Efforts to combat illegal drugs play a major role in explaining long prison sentences in the United States as well. In 1980, there were about 40,000 people in American jails and prisons for drug crimes. These days, there are almost 500,000.

Those figures have drawn contempt from European critics. “The U.S. pursues the war on drugs with an ignorant fanaticism,” said Ms. Stern of King’s College.[…]

[PROPAGANDA ALERT!] Many American prosecutors, on the other hand, say that locking up people involved in the drug trade is imperative, as it helps thwart demand for illegal drugs and drives down other kinds of crime. Attorney General Michael B. Mukasey, for instance, has fought hard to prevent the early release of people in federal prison on crack cocaine offenses, saying that many of them “are among the most serious and violent offenders.” [PROPAGANDA ALERT STAND DOWN! BILL]

[PROPAGANDA ALERT!] Whatever the reasons, there is little dispute that America’s exceptional incarceration rate has had an impact on crime.[PROPAGANDA ALERT STAND DOWN. BILL] […]

[PROPAGANDA ALERT!] Other commentators were more definitive. “The simple truth is that imprisonment works,” wrote Kent Scheidegger and Michael Rushford of the Criminal Justice Legal Foundation in The Stanford Law and Policy Review. “Locking up criminals for longer periods reduces the level of crime.

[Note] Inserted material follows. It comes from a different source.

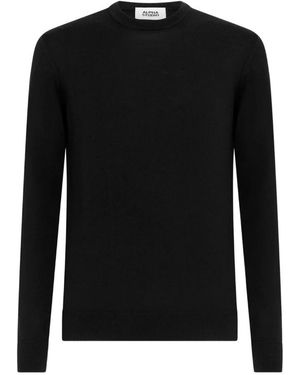 Alpha Industries Truien & Vesten ,Zwart ,Round-Neck Truien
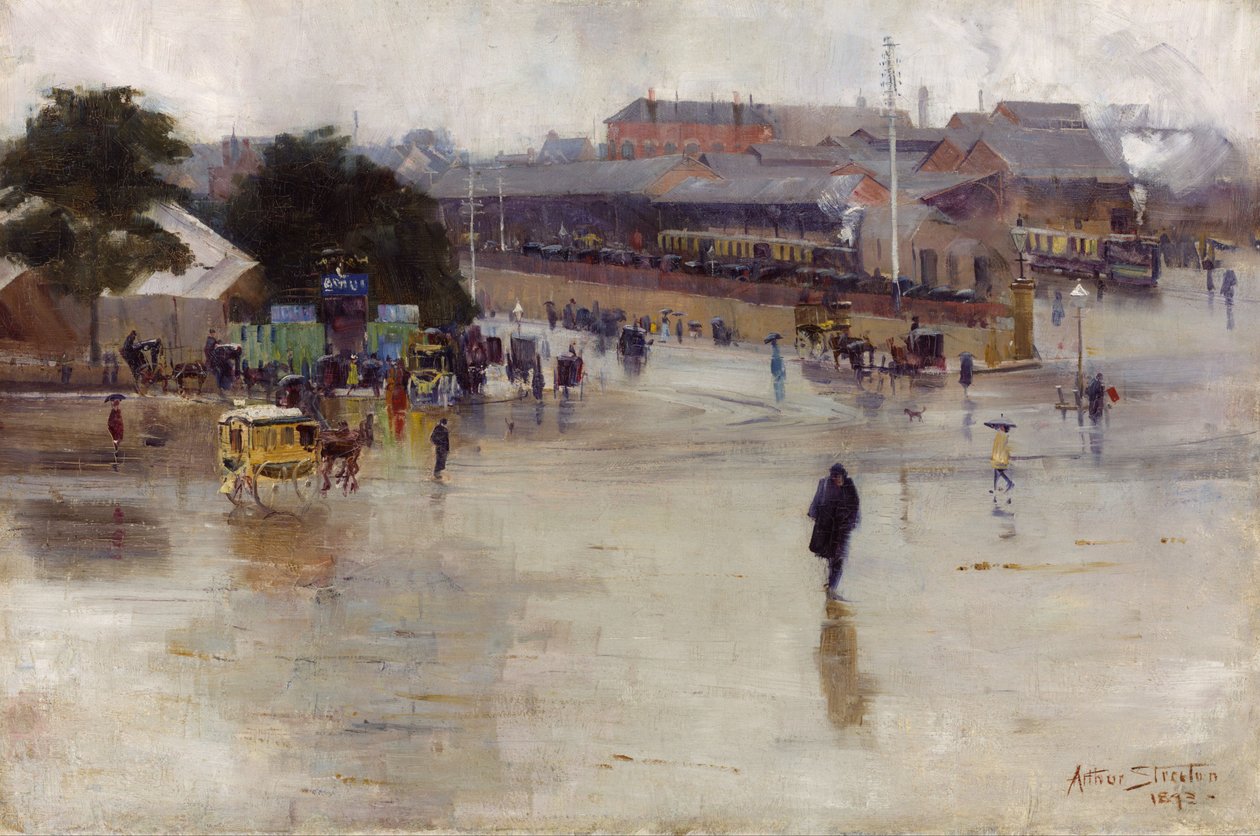 Banegården, Redfern af Arthur Streeton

The benefits of doing so far offset the costs.” [PROPAGANDA ALERT STAND DOWN! BILL]
This is really a fairly well written article, but assumes facts not in evidence and draws conclusions only a government bean-counter with an agenda would love. Let's examine the propaganda:

1. Other commentators were more definitive. “The simple truth is that imprisonment works,” wrote Kent Scheidegger and Michael Rushford of the Criminal Justice Legal Foundation in The Stanford Law and Policy Review. “Locking up criminals for longer periods reduces the level of crime. The benefits of doing so far offset the costs.” This statement has no basis in fact or imagination. Harsh drug sentences has not reduced the use of drugs in America, and has instead led to the highest recidivism rate in history. Too, placing these small-time crooks into drug treatment stops providing a "Criminal College" for offenders ill-served by being jailed with violent offenders.

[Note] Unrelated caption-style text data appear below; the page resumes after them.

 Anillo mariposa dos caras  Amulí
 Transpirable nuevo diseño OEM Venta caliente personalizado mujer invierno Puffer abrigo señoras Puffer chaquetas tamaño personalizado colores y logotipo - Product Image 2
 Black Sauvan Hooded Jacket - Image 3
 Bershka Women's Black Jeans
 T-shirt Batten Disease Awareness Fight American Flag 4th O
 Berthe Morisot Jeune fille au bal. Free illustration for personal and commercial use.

2. “The simple truth is that imprisonment works…” remains the chief bogus claim. See: Violent Crime Rate Goes Up for First Time in 15 Years Following Massive GOP Cuts for Law Enforcement.
The rate of violent crime in America increased last year for the first time since 1991, according to a new FBI report. The increase coincides with dramatic cuts to state and local law enforcement funding by Republicans each year since President Bush took office. The $2.3 billion recently approved by the House amounts to nearly half of the $4.5 billion appropriated in 2001.
So it would seem that Clinton's program of putting 100,000 extra police on the streets reduced the crime rate. Take away that extra funding and whoosh!, back up goes the crime rates.

3. “Locking up criminals for longer periods reduces the level of crime. The benefits of doing so far offset the costs.” See: Testimony on Prisoner Reform and Older Prisoners before the House Judiciary Committee by noted scholar, lawyer, and law professor Jonathan Turley.:
To put this into concrete terms, the average cost of a prisoner remains generally between $20,000 and $30,000 per year in various systems. Again, consider California, which is facing a truly dangerous crisis of overcrowding and recidivism in its system. In that state, the annual cost of a prisoner is over $26,000. The cost of an older or geriatric inmate is likely between $40,000 to $70,000 per year. Obviously, due to serious illness and disability, it is not uncommon to find geriatric inmates who cost the system in excess of $100,000 per year.
I guess I could go on and on, but why is this article espousing incarceration of people for even minor crimes with low recidivism rate at this time?

I guess with the upcoming Iranian Oil War the MSM just wanted to remind us of the ease with which we may be sentenced to prison - just in case a declaration of martial law becomes necessary.

And besides, it strikes me as thoroughly repugnant that America's hideous record on incarceration is becoming our most recognizable trait.